On February 10, 2025, the Company and certain institutional and accredited investors entered into a securities purchase agreement Purchase Agreement pursuant to which the Company agreed to sell to such Purchasers an aggregate of 21,100,000 shares of common stock, par value $0.001 per share, of the Company, in a registered direct offering, and accompanying warrants to purchase up to 21,100,000 shares of Common Stock in a concurrent private placement, for gross proceeds of approximately $7 million, before deducting the placement agent’s fees and other estimated offering expenses. The purchase price per Share and the accompanying Warrant to purchase one share of Common Stock is $0.3337. A stockholder elected to hold 4,000,000 shares of common shares purchased under the Purchase Agreement in abeyance.

 

Effective February 14, 2025, Henry Sicignano III, a Director of the Company, notified the Company that he will resign from the Company’s Board of Directors (the “Board”). Mr. Sicignano’s resignation is not the result of a dispute or disagreement with the Company. Mr. Sicignano served as Chairman of the Company’s Audit Committee and as a member of the Company’s Compensation Committee and Nominating and Corporate Governance Committee.

 

On March 11, 2025, the Company issued 376,932 shares of common stock for services rendered to the Company.

 

As previously reported by (the Company), on September 13, 2024, the Company received written notice (the “Notice”) from The Nasdaq Listing Qualification Department (“Nasdaq”) notifying the Company that it was not in compliance with the $1.00 minimum bid price requirement set forth in Nasdaq Listing Rule 5550(a)(2) for continued listing on the Nasdaq Capital Market (the “Minimum Bid Price Requirement”), as the closing bid price of the Company’s common stock had been below $1.00 per share for 30 consecutive business days.
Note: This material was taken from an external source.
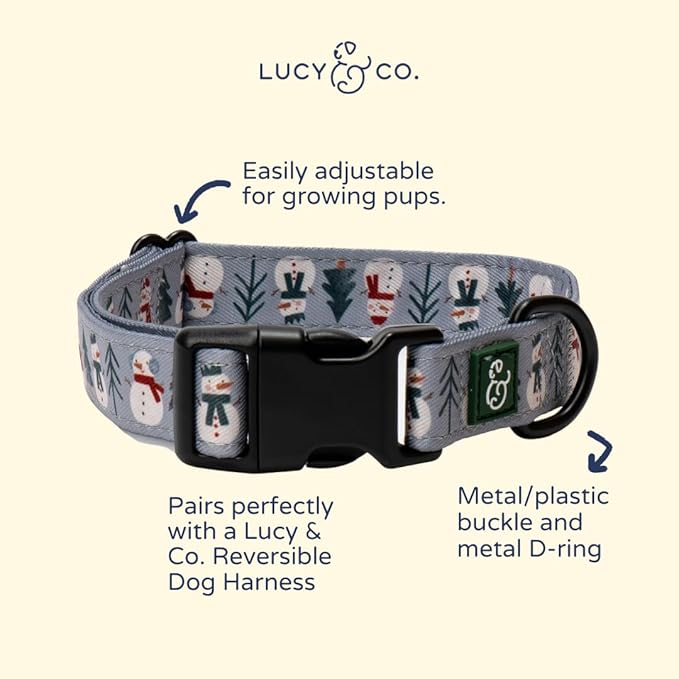 Lucy & Co. Dog Collar - Durable Lightweight Designer Collar for Pets - Adjustable Metal Safety Buckle - Holiday Collar, Snow Much Fun, Gray & White Snowman - Small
The Notice indicated that the Company has 180 calendar days, or until March 12, 2025, to regain compliance with the Minimum Bid Price Requirement.

 

On March 13, 2025, Nasdaq notified the Company that although the Company has not regained compliance with the Minimum Bid Price Requirement, the Company is eligible to receive an additional 180 calendar day period or until September 8, 2025, to regain compliance with the Minimum Bid Price Requirement, pursuant to Nasdaq Listing Rule 5810(a)(3)(A).

 

From January 1 to April 15, 2025, the Company made $2,604,000 payments on the related-party non-convertible note issued to an entity controlled by Greenwave’s Chairman and Chief Executive Officer for the December 2024 land and permit purchase.

 

On April 10, 2025, Jason Adelman provided the Board with his formal resignation from the Board and all committees thereof, effective immediately. Mr. Adelman was a member of the Board’s Compensation, Audit, and Nomination and Corporate Governance Committees. Mr. Adelman’s decision to resign was not due to any disagreement with the Company on any matter relating to the Company’s operations, policies or practices (financial or otherwise).

 

On April 12, 2025, the Company terminated the employment of Isaac Dietrich, the Company’s Chief Financial Officer, effective April 11, 2025.